I wonder, when you read The Pennsylvania Freemason, if you have some of the same kinds of thoughts as I do; feel fraternal emotions when reading about our brothers' involvements in the Fraternity and the community, and experience a sense of gratitude for the values and benefits that are ours and our families because we are Masons?

I suspect most Masons do; but seldom do we extol it. What do we say if an inquiring friend asks, "Why should I be a Mason?" Or how, with brotherly love and affection, do we approach a dues-delinquent brother to remind him of the benefits that would be lost and offer the assistance of the lodge if there is a need for help. The gist of the answers to such questions is reflected in the lives and deeds of Masons ­ of you and me as Masons of today bolstered by what came before us in the historic lives and deeds of our predecessors.

The values, traditions, and principles that are so strong in Freemasonry and so vital in our lives today have existed "from time immemorial." We harken to Craft Masonry with its guilds of stonemasons in the Middle Ages as being a root from which the modern Masonic brotherhood evolved. The operative masons worked for perfection to become masters at their craft; to teach, guide, aid and assist their fellows; to show concern for families and widows ­ their own and those of their fellow workers -- and to make the communities better. Our ancestors in America among the colonists, the framers of our nation, and so many brethren through the generations carried forth the traditions and principles for us to cherish and uphold.
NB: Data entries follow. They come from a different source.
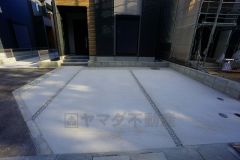 駐車スペースはゆとりある2台分を確保。マイカー用に、お客さま用に、余裕を持ってご利用いただけます。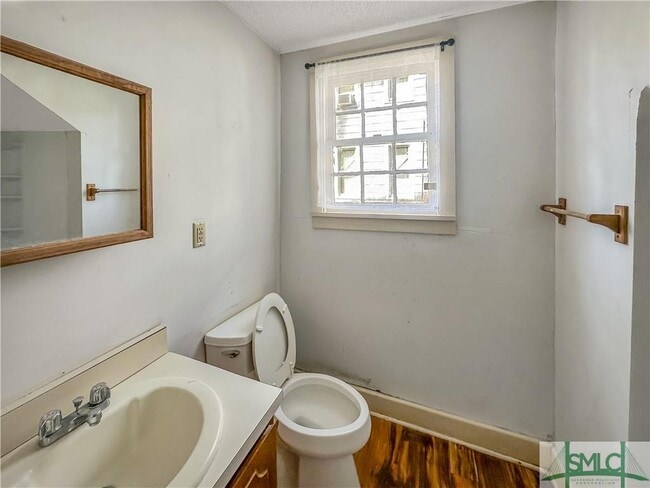 909 Harmon St, Unit Spacious 4 Bed | 2 Bath H in Savannah, GA - Foto de edificio - Building Photo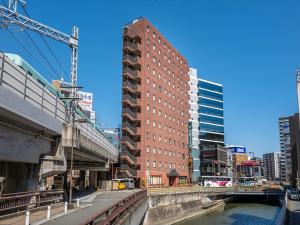 福冈西铁天神旅馆的河边一座高大的红砖建筑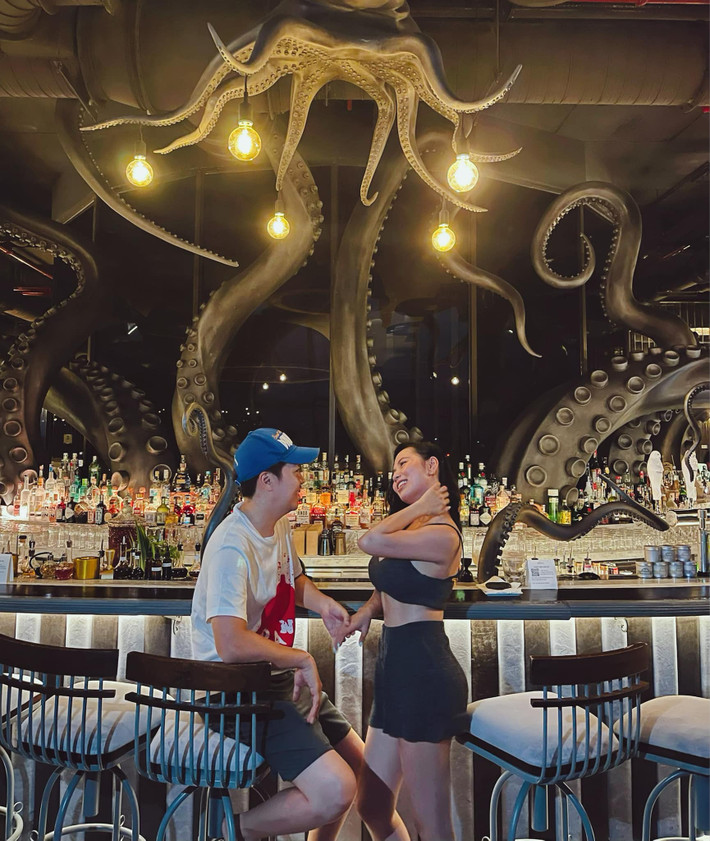 Đông đảo bạn bè, khán giả đã gửi lời chúc mừng, bày tỏ sự ngưỡng mộ trước tình cảm của cặp đôi.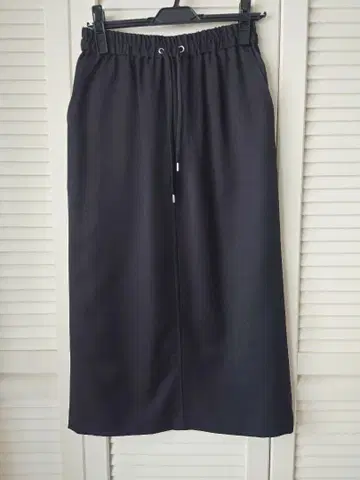 어반 리서치 UR TECH 드로스트 타이트 스커트 블랙 38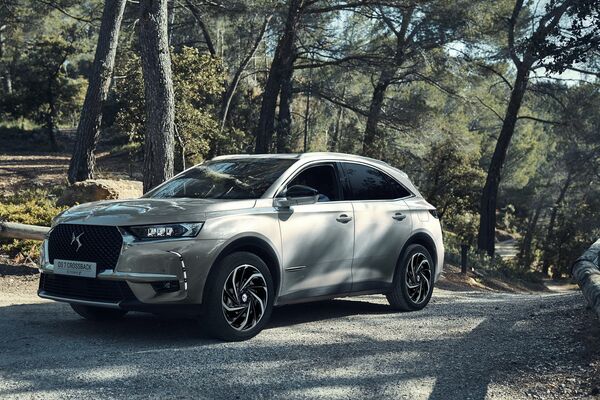 Автомобиль DS 7 Crossback E-Tense Автомобиль DS 7 Crossback E-Tense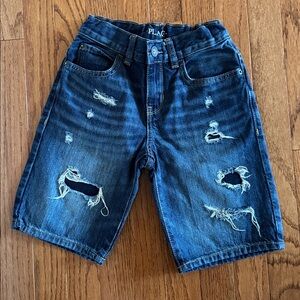 🎉Children’s Place- Distressed Denim Shorts Size 7🎉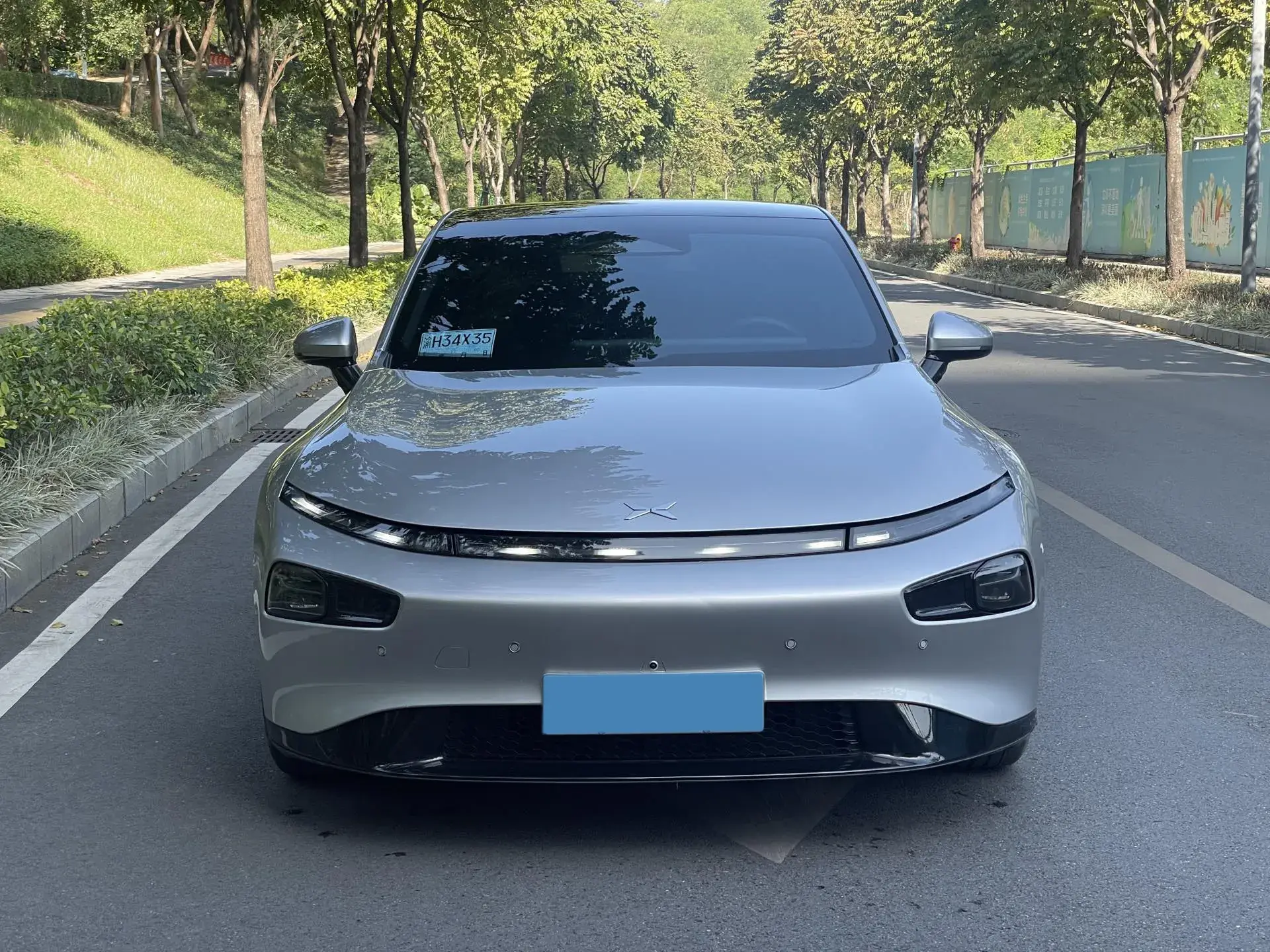 2023 XPENG P7 thumbnail 2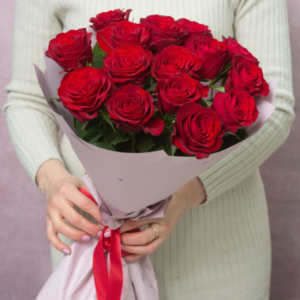 70 cm red roses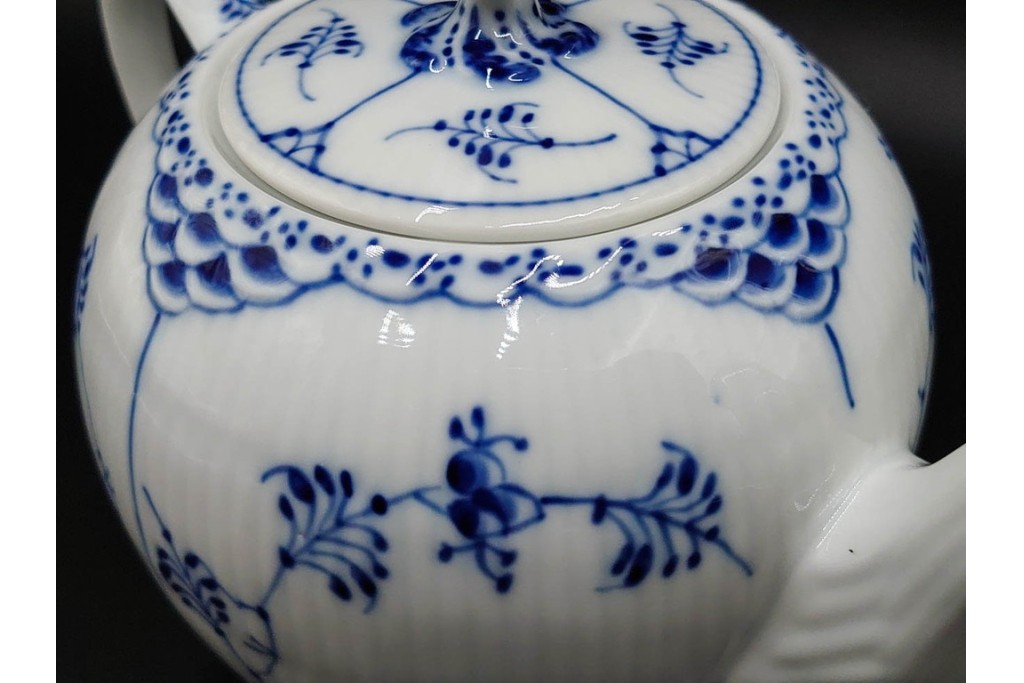 デンマーク製　ROYAL COPENHAGEN(ロイヤルコペンハーゲン)　ブルーフルーテッド　ハーフレース　ティーポット　スクラッチありB級品　(R-084988)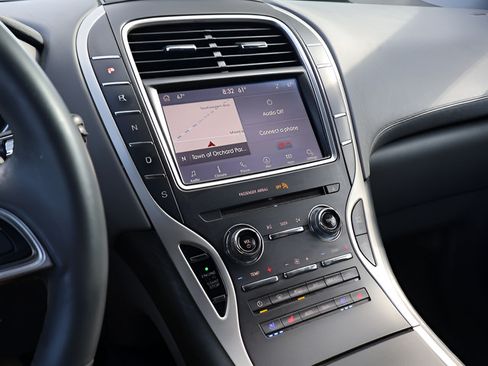 Used 2020 Lincoln Nautilus Reserve AWD/4WD image 27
Our concerns -- values and benefits, if you will -- are the same today; but they're the "old and the new" crafted for the 21st century.

It's easy to tell someone about the good that we strive so diligently to do for others: Like all the wonderful services, facilities and care at the Masonic Homes; how "Masons Care" for youth through the Youth Foundation and seek to help those at-risk through the Children's Foundation; that Masons of North America contribute some two million dollars a day, every day, toward charitable causes; that there are scholarships galore, home assistance, emergency aid and loans, and community outreach. We can readily grasp and relate the importance of the human services aspects and how they benefit us personally. As one brother so aptly said: "We all have insurance policies covering any imaginable event that may occur in our lives.... my membership provides assurance, not insurance, that I, along with my family, could receive benefits not emphasized frequently enough to prospective members and members who may be about to have their membership lapse."

But, we have to pause every now and then to remind ourselves of so many other very valuable benefits that are important to each of us personally. They are more difficult to express in words and obviously less likely to impress another person until he experiences them. I call them intangible benefits, some of which are: the fellowship, bonding, and networking unique among brethren; character-building and personal development; education and leadership training, and civic concern and community involvement. The personal benefits, satisfaction, and gratification inherent in the unique brotherhood of Freemasonry are immeasurable ­ almost indescribable.

So, if you have some of the same kinds of thoughts as I do when you read the words and look at the pictures in each issue of The Pennsylvania Freemason, you can "see" brethren being Masons, enjoying Masonry as a "Way of Life," and benefitting from what they give and what they gain in Freemasonry. They are living, sharing, and extolling "The Values of Brotherhood." Can we communicate those values Friend to Friend/Brother to Brother?